The annotate package
This package is made to either annotate genomes or read annotations from gbff or gff files.
It depends on the following subpackage:
formats, to write the pangenome to the HDF-5 file.
It depends on the following modules:
pangenome
genome
utils
Submodules
ppanggolin.annotate.annotate module
- ppanggolin.annotate.annotate.annotatePangenome(pangenome, fastaList, tmpdir, cpu, translation_table='11', kingdom='bacteria', norna=False, overlap=True)[source]
- ppanggolin.annotate.annotate.create_gene(org, contig, geneCounter, rnaCounter, ID, dbxref, start, stop, strand, gene_type, position=None, gene_name='', product='', genetic_code=11, protein_id='')[source]
- ppanggolin.annotate.annotate.detect_filetype(filename)[source]
detects whether the current file is gff3, gbk/gbff or unknown. If unknown, it will raise an error
- ppanggolin.annotate.annotate.readAnnoFile(organism_name, filename, circular_contigs, getSeq, pseudo)[source]
- ppanggolin.annotate.annotate.readAnnotations(pangenome, organisms_file, cpu, getSeq=True, pseudo=False)[source]
- ppanggolin.annotate.annotate.read_org_gbff(organism, gbff_file_path, circular_contigs, getSeq, pseudo=False)[source]
reads a gbff file and fills Organism, Contig and Genes objects based on information contained in this file
ppanggolin.annotate.synta module
- ppanggolin.annotate.synta.annotate_organism(orgName, fileName, circular_contigs, code, kingdom, norna, tmpdir, overlap)[source]
Function to annotate a single organism
- ppanggolin.annotate.synta.launch_aragorn(fnaFile, org)[source]
launches Aragorn to annotate tRNAs. Takes a fna file name and a locustag to give an ID to the found genes. returns the annotated genes in a list of gene objects.
- ppanggolin.annotate.synta.launch_infernal(fnaFile, org, kingdom, tmpdir)[source]

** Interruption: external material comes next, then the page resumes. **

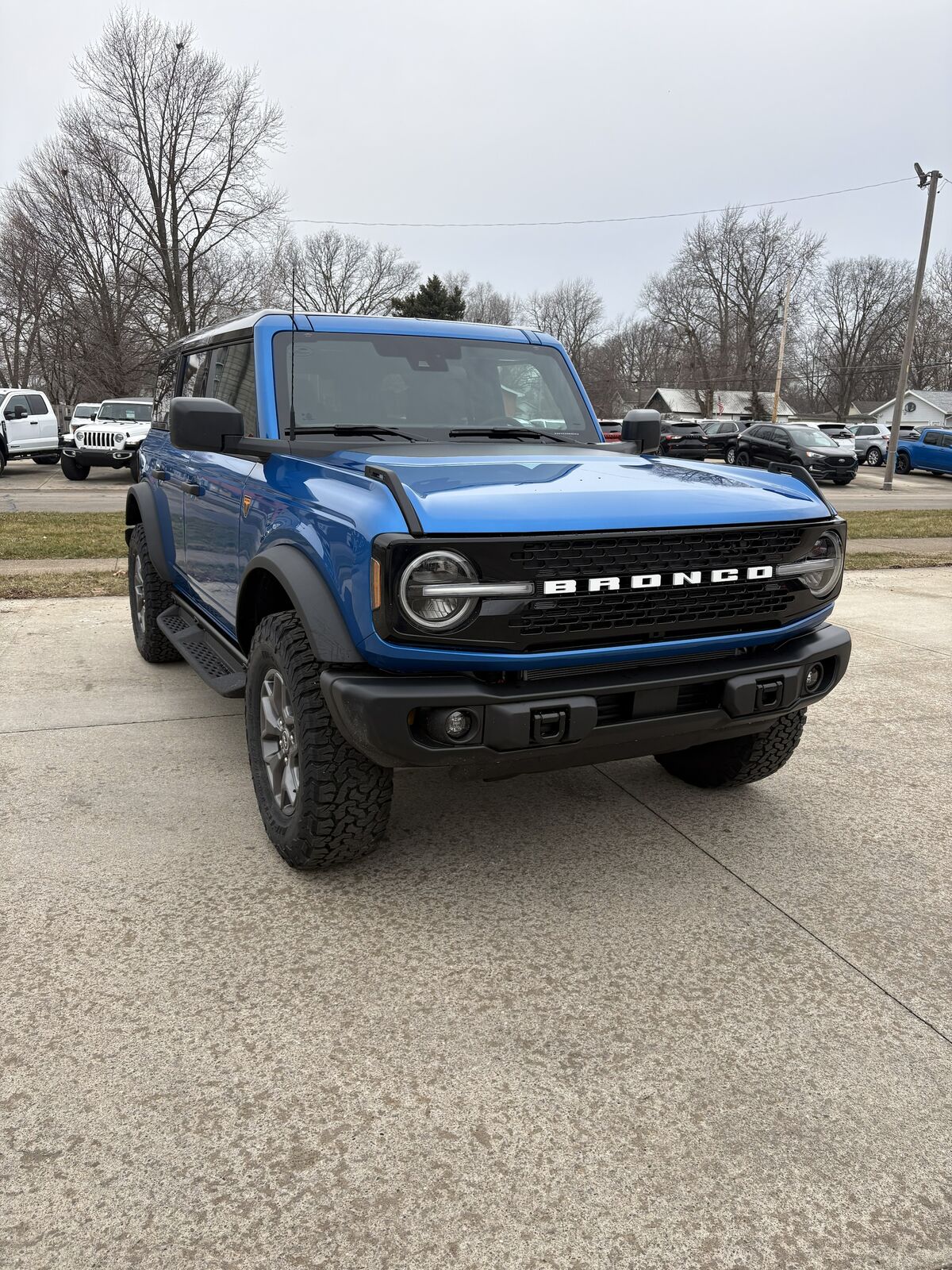 2025 FORD Bronco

launches Infernal in hmmer-only mode to annotate rRNAs. Takes a fna file name and a locustag to give an ID to the found genes. returns the annotated genes in a list of gene objects.
- ppanggolin.annotate.synta.launch_prodigal(fnaFile, org, code)[source]
launches Prodigal to annotate CDS. Takes a fna file name and a locustag to give an ID to the found genes. returns the annotated genes in a list of gene objects.
- ppanggolin.annotate.synta.overlap_filter(allGenes, contigs, overlap)[source]
Removes the CDS that overlap with RNA genes.
- ppanggolin.annotate.synta.read_fasta(org, fnaFile)[source]
Reads a fna file (or stream, or string) and stores it in a dictionnary with contigs as key and sequence as value.
- ppanggolin.annotate.synta.reverse_complement(seq)[source]
reverse complement the given dna sequence
- ppanggolin.annotate.synta.syntaxic_annotation(org, fastaFile, norna, kingdom, code, tmpdir)[source]
Runs the different softwares for the syntaxic annotation.
Takes in the file-like object containing the uncompressed fasta sequences to annotate the number of cpus that we can use. whether to annotate rna or not the locustag to give gene IDs.
- ppanggolin.annotate.synta.write_tmp_fasta(contigs, tmpdir)[source]
Writes a temporary fna formated file, and returns the file-like object. This is for the cases where the given file is compressed, then we write a temporary file for the annotation tools to read from. The file will be deleted when close() is called.